Wei Wuxian is the title protagonist of the series. He is the founder of the Demonic Path (鬼道), earning him the title Yiling Laozu (夷陵老祖). He is intelligent, optimistic, mischievous but good-hearted. Talented and infamous, his unorthodox methods and unrestrained nature put him at odds with the rest of the cultivation world. Orphaned at a young age and taken in by his parents’ friend Jiang Fengmian, Wei Wuxian is raised in the Yunmeng Jiang Clan, where he becomes head disciple and grows up with Jiang Cheng and Jiang Yanli. During his education as a teenager, he travels to Gusu to study at Cloud Recesses and meets Lan Wangji, with whom he develops a tentative friendship, and later misunderstandings.
After the Qishan Wen Clan launches an aggressive campaign to subjugate all other cultivation clans, Wei Wuxian becomes a war hero through his use of demonic methods. Other clans covet and distrust his novel power; he further antagonizes them by protecting the survivors of the Wen Clan and dies an enemy of the cultivation world. Thirteen years later, he is reborn in the body of Mo Xuanyu and must unravel a murder mystery alongside his oldest friend, Lan Wangji.

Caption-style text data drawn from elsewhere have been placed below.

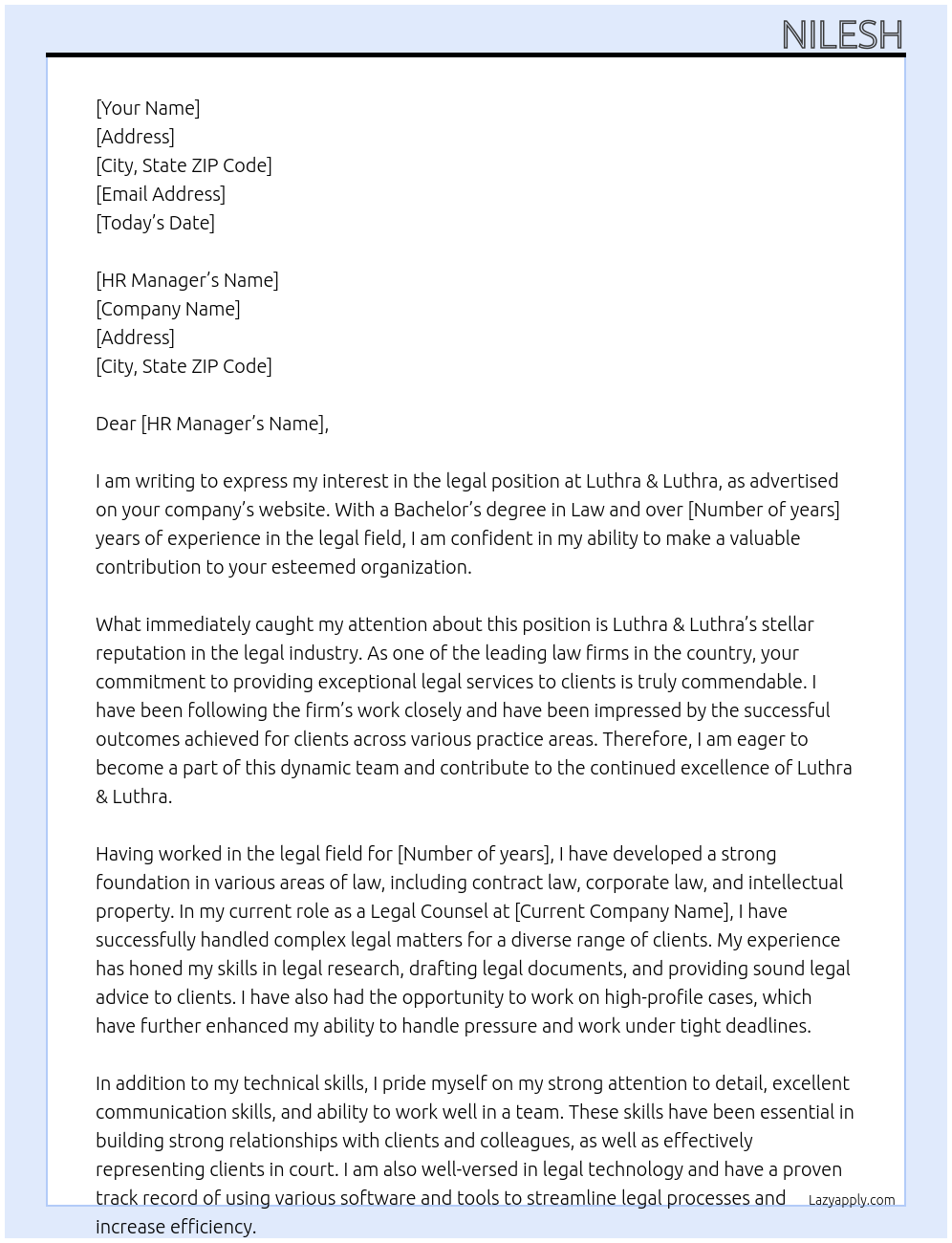 legal At Luthra & luthra Cover Letter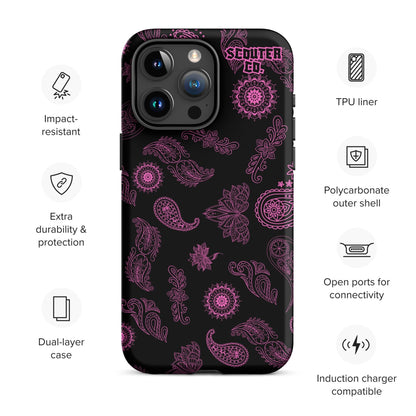 Tough Dual Layer iPhone® Case - Bandana Black / Pink - SCOUTER.CO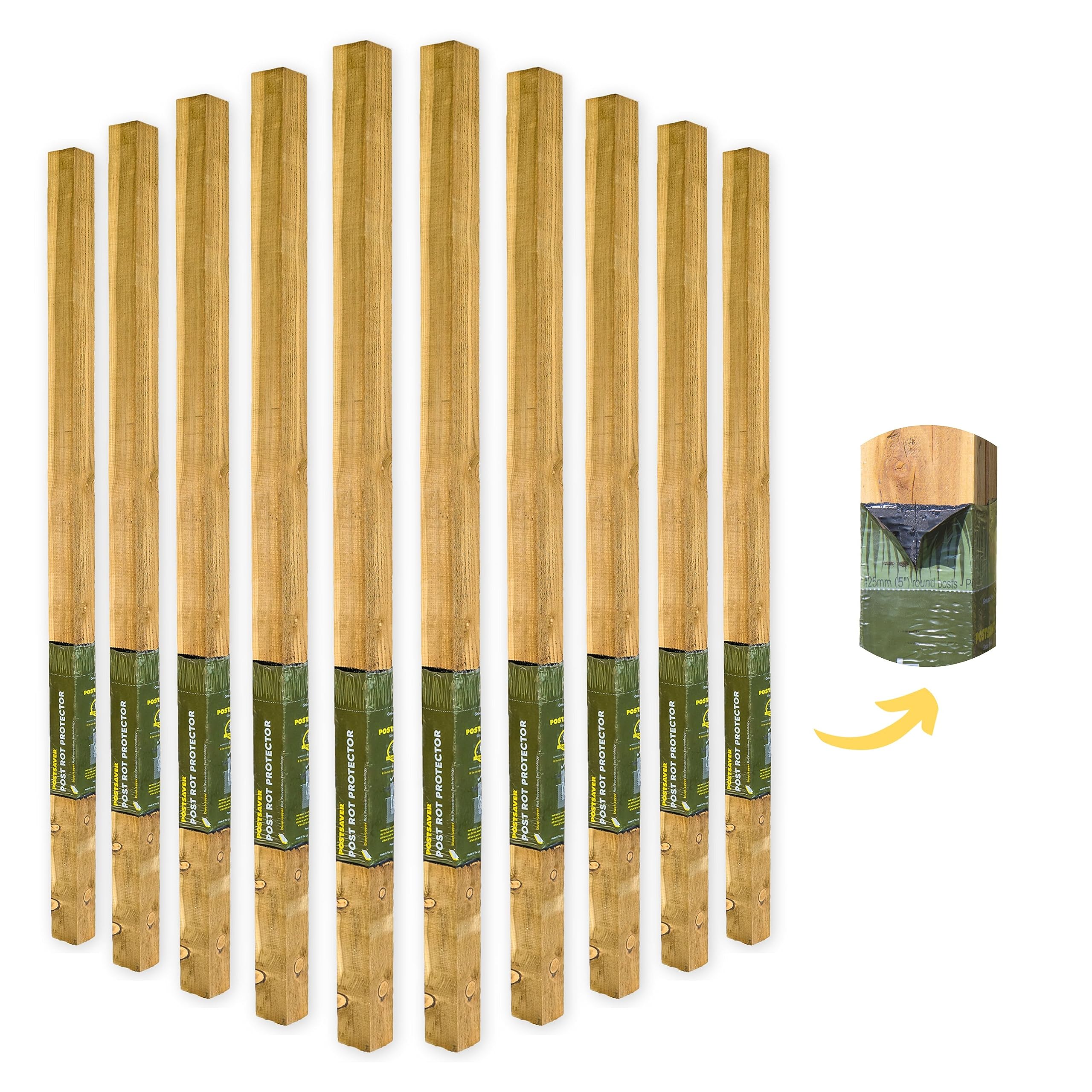Postsaver Rot Protected Wood Fence Post 3x3" | Pressure-Treated Timber Post for Gardening | Decay-Protected with Postsaver Dual-Layer Rot Protector | 20-Year Guarantee | Pack of 10 | 8 Ft. Long โ image 1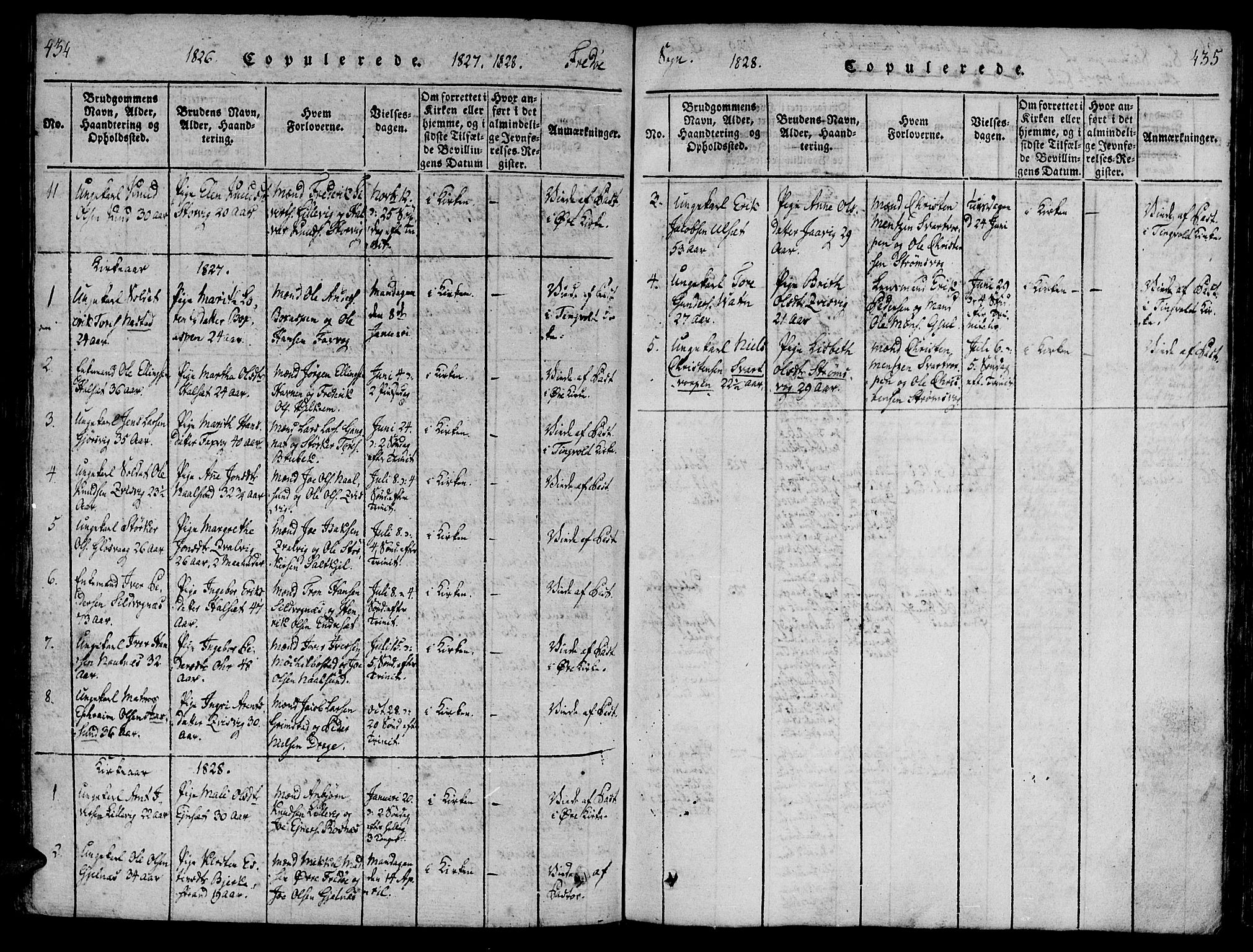 Ministerialprotokoller, klokkerbøker og fødselsregistre - Møre og Romsdal, AV/SAT-A-1454/586/L0982: Parish register (official) no. 586A08, 1819-1829, p. 434-435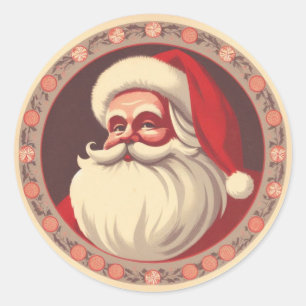 Retro Happy Santa  Ronde Sticker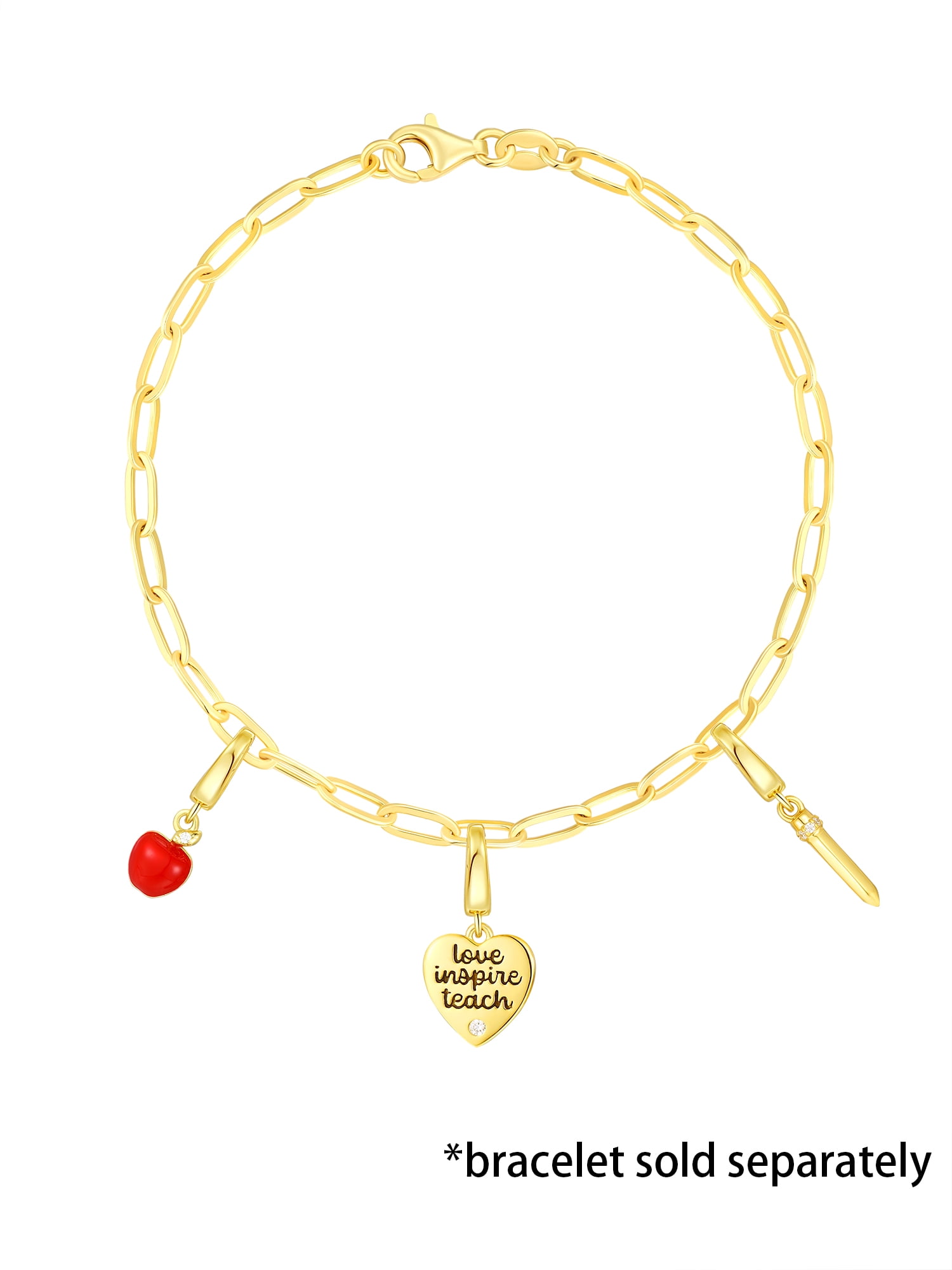 Brilliance Fine Jewelry Simulated Diamonds Teacher Charm Set in 14KT Gold Plated Sterling Silver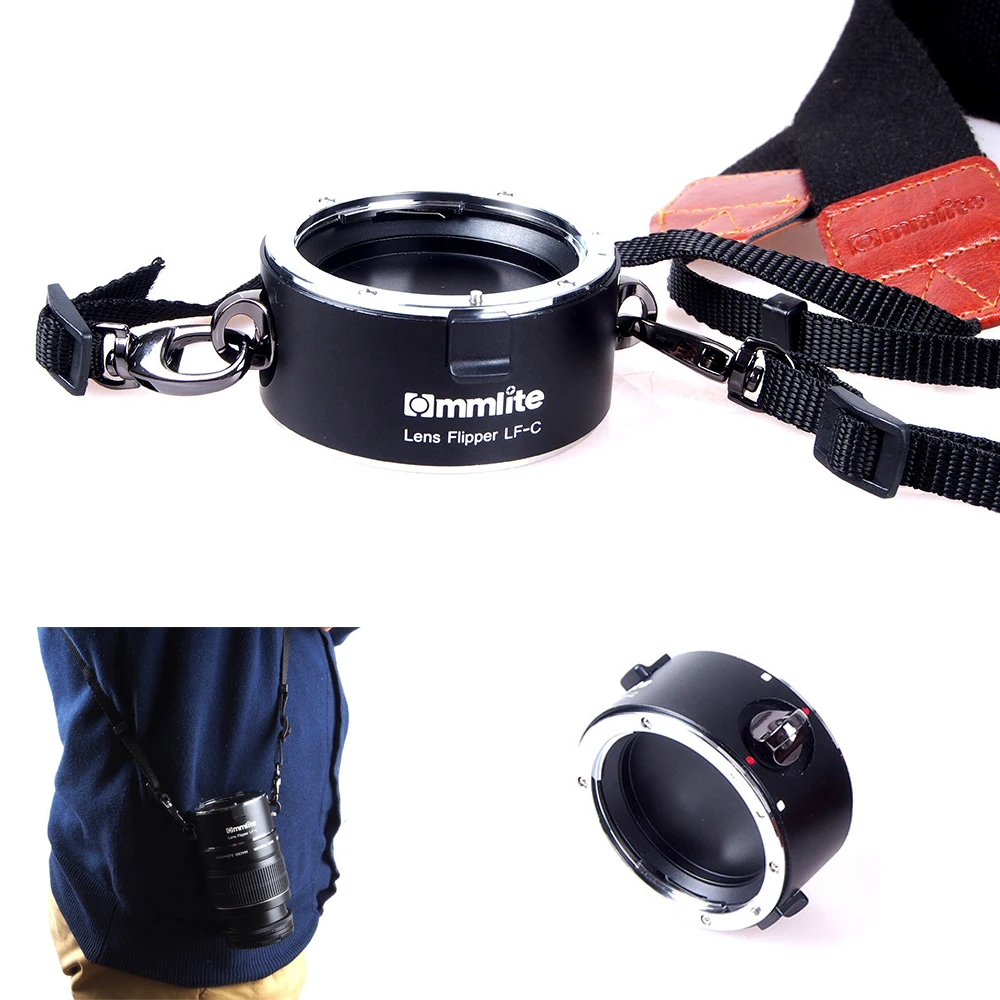 

Commlite Quick Release Changing Dual Lens Holder Flipper Holster Adapter Mount w/ Neck Strap for Canon Nikon Sony E-Mount Lens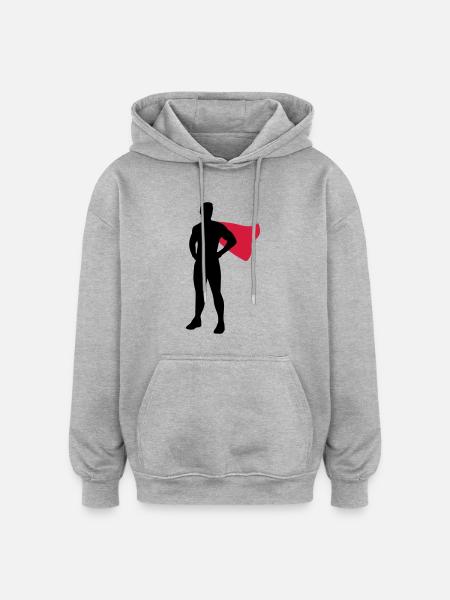 Superhero - Oversized Unisex Hoodie - Grau meliert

Lan Zhan (蓝湛), courtesy name Wangji (忘机).
Voiced by: Wei Chao (Chinese drama cd), Bian Jiang (Chinese dub), Ryu Seung-gon (Korean dub), Satoshi Hino (Japanese drama cd), Shinnosuke Tachibana (Japanese dub)
Lan Wangji, titled Hanguang-Jun (含光君), is the second young master and one of the Twin Jades of the Gusu Lan Clan. Despite having an exquisite bearing and incomparable beauty, his strict and aloof nature makes him appear nonchalant and distant. He is renowned for his skill in battle and for his strong moral compass, known to be "where the chaos is" for aiding citizens without caring for fame or glory of Night Hunts. During his youth, he has various encounters with Wei Wuxian wherein they appear to have very little similarities in personalities and interests.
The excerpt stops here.